The final section of the volume, “Polar Astronomy: Observational Cosmology,” includes three papers on cosmology/astronomy and a paper on meteorites. The lack of water vapor at high elevations on the Antarctic ice sheet provides ideal observational conditions similar to those in outer space, but at much less cost. Observations from the South Pole have already demonstrated a flat geometry for the universe. One clever author uses the analogy of a Thanksgiving feast, after several million years of fasting, for the gobbling up of a platter of dust and gas by a black hole at the center of a galaxy. Two papers discuss international collaborative research with new technology that will be conducted at the highest point on the Antarctic plateau toward understanding the evolution of stars and galaxies.

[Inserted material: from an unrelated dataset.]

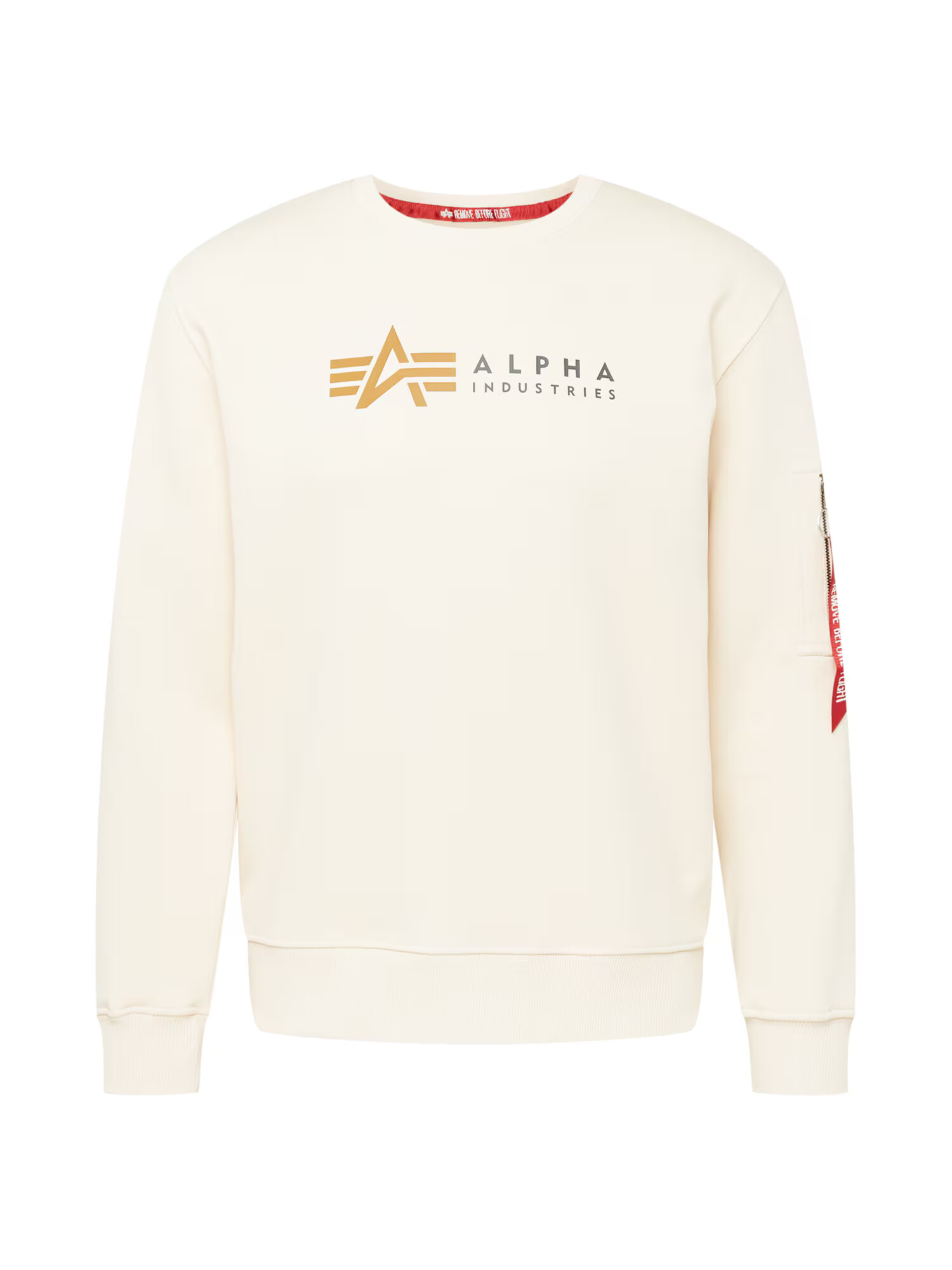 ALPHA INDUSTRIES Bluză de molton crem / nisipiu / gri închis / roșu - Pled.ro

The last paper summarizes the search for Antarctic meteorites that has been going on for almost 100 years. Meteorites that fall on the Antarctic ice sheet are buried to great depths and eventually transported with the ice to the margins of the ice sheet where they come to the surface by ablation. USAP has collected 16,000 meteorites, more than had been collected previously over the entire Earth. Meteorites have been identified as coming from Mars, the moon, and other parts of the solar system.

I am pleased to have Smithsonian at the Poles on my bookshelf. The volume is well edited and contains many interesting papers on a wide variety of polar topics. The volume is illustrated with black and white photos and maps, and includes glossy paper for colored figures. The contributions on history and culture are readable and of interest to polar enthusiasts. The contributions on biology and astronomy require a science background. This volume, with many review papers, is an excellent way to learn about an unfamiliar subject and find additional references. An 11-page index provides easy entry to the many topics. Missing are contributions on climate, geology, and glaciology. Oddly, no mention was made about one of the earliest of the Smithsonian's collections, those from the 1842–1844 Wilkes Expedition.

James W. Collinson "Smithsonian at the Poles: Contributions to International Polar Year Science, edited by Igor Krupnick, Michael A. Lang, and Scott E. Miller," Arctic, Antarctic, and Alpine Research 42(1), (1 February 2010).